Action item: Line by line, set down the records below from the first line through the line containing "Free Printable Airbrush Letter Stencils Free". Omit the pictures.

Short text fragments from websites
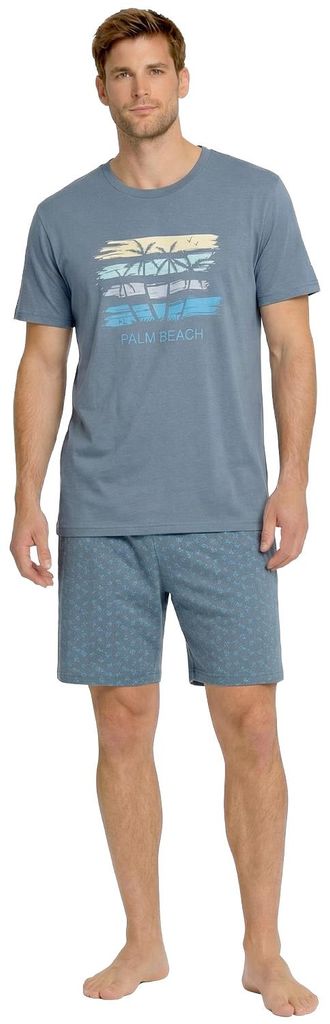 Kisses&Love Herren Sommer-Kurzpyjama aus Baumwolle KL30000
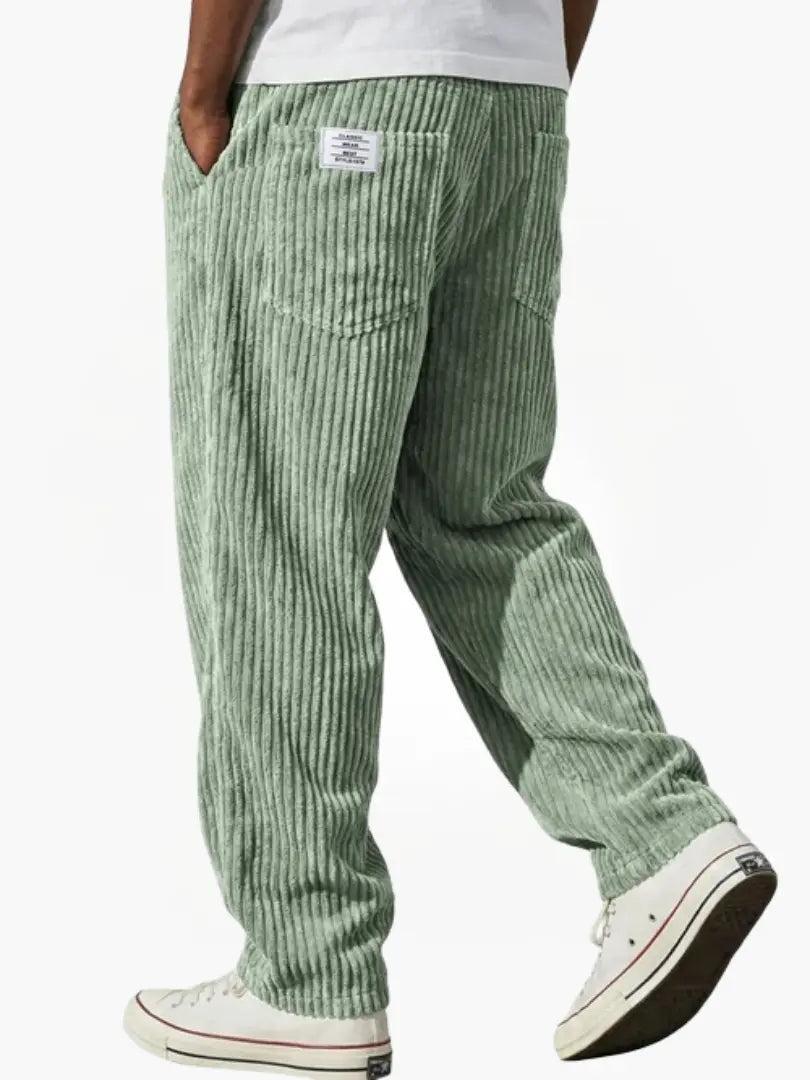 Herren Hose mit gerippter Struktur und Kordelzug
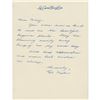 Image 1 : Pat Nixon Autograph Letter Signed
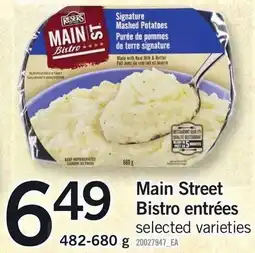 Loblaws Main Street Bistro entrées offer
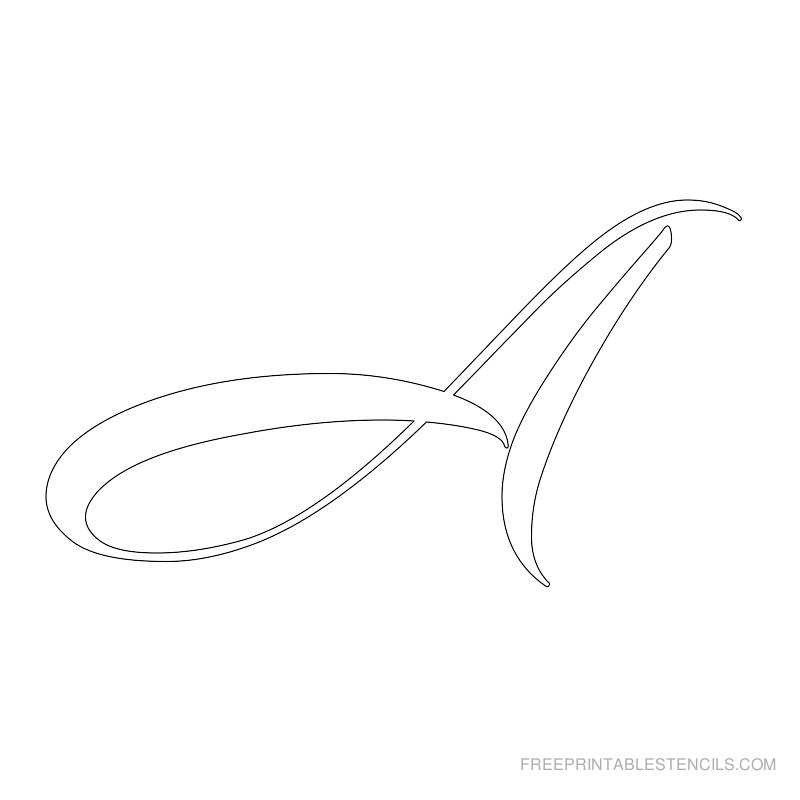 Free Printable Airbrush Letter Stencils Free Printable Airbrush Letter Stencils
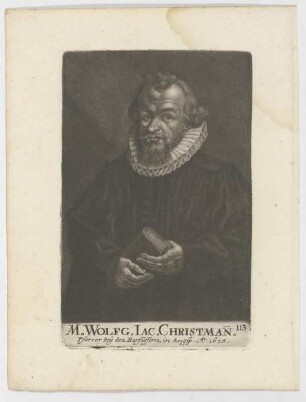 Bildnis des Wolfg. Iac. Christmann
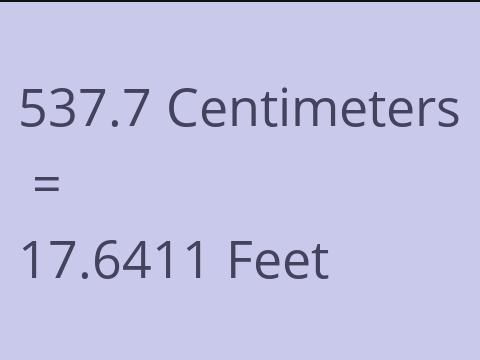 537.7 CM TO FEET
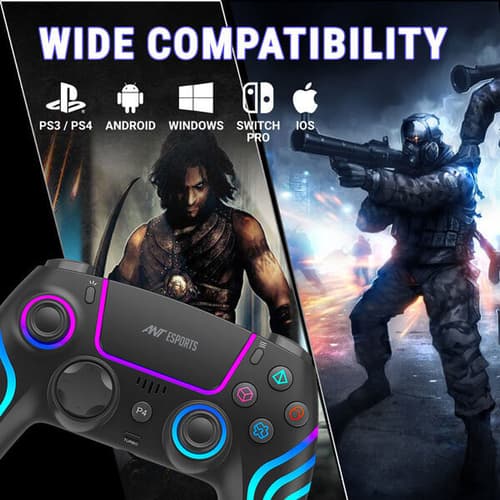 Ant Esports GP400 RGB Wireless Gamepad (Black)
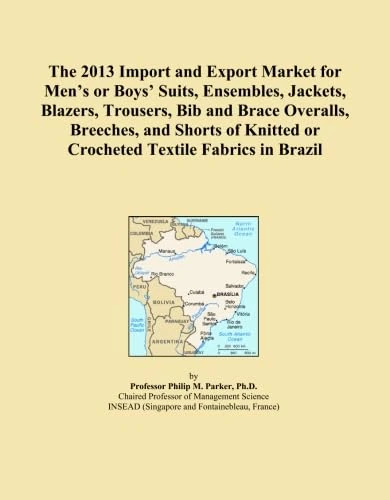 The 2013 Import and Export Market for Men's or Boys' Suits, Ensembles, Jackets, Blazers, Trousers, Bib and Brace Overalls, Breeches, and Shorts of Knitted or Crocheted Textile Fabrics in Brazil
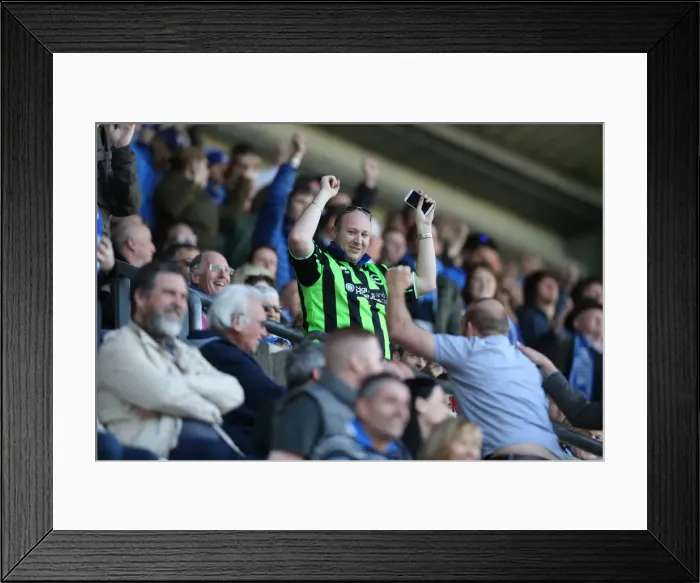 Framed Print : Brighton and Hove Albion Fans Passionate Support at Wigan Athletic Championship Match (18APR15) Framed Print : Brighton and Hove Albion Fans Passionate Support at Wigan Athletic Championship Match (18APR15)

Output for this task:
 Kisses&Love Herren Sommer-Kurzpyjama aus Baumwolle KL30000
 Herren Hose mit gerippter Struktur und Kordelzug
 Image 1 : Pat Nixon Autograph Letter Signed
 Loblaws Main Street Bistro entrées offer
 Free Printable Airbrush Letter Stencils Free Printable Airbrush Letter Stencils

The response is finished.